During the Soviet period in 1939–1941, the Białystok city also had a Russian language and a Polish language daily, these two dailies were almost identical in content whilst Der Bialistoker Shtern had a distinct character. The Minsk newspaper Oktyabr ('October') and the Kiev newspaper Der Shtern (´The Star') were also distributed in the Białystok region. The newspaper was initially published daily, but frequency was later reduced.

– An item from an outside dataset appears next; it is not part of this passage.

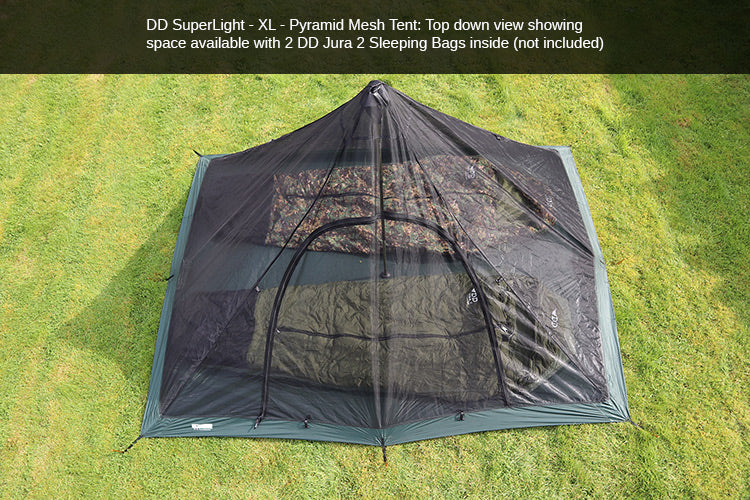 dd hammocks superlight xl pyramid mesh indertelt med to soveposer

==Editors and contributors==
Technically Der Bialistoker Shtern was a continuation of the newspaper Undzer Lebn, which had been founded by Pesach Kaplan in 1918. In Białystok Akselrod and Smolar approached the former members of the Undzer Lebn editorial board, offering them posts as correspondents for the new publication. The former Undzer Lebn editorial board members that joined Der Bialistoker Shtern included Aaron Berezinsky, the poet Mendel Goldman and the journalist Asher Zinowitz, among others. Kaplan, who was barred from joining the editorial board of Der Bialistoker Shtern due to his Zionist leanings, was allowed to contribute to the newspaper under a pen name and his salary would be brought directly to his home by editorial board members. The editorial board of the newspaper emerged as a meeting point for the Jewish intelligentsia in the city as well as Jewish refugee writers (the latter group seeking to be recognized as Soviet writers, which would confer job stability and protection from persecution). Editorial board members included displaced writers from Warsaw; Binem Heller (editor of the sports column), Bernard Ber Mark, (editor of the culture and education column), Dawid Sfard (former secretary of Linke shrayber-grupe in Poland, now a key functionary among displayed Yiddish writers), Dawid Mitzmacher and Dawid Rikhter (who was named deputy managing editor in 1940). Also represented on the editorial board were wristers from Vilna such as Shmuel Dreyer (former deputy editor of Der Tog) and Meyer Pups. Contributors to the newspaper included poets Peretz Markish (from Moscow), Shmerke Kaczerginski, Shalom Zirman, Pesach Binetsky, journalists Leib Strilovsky and Abraham Berakhot, writers I. Yonasewitz, Y. Akrutny and Moishe Knapheys.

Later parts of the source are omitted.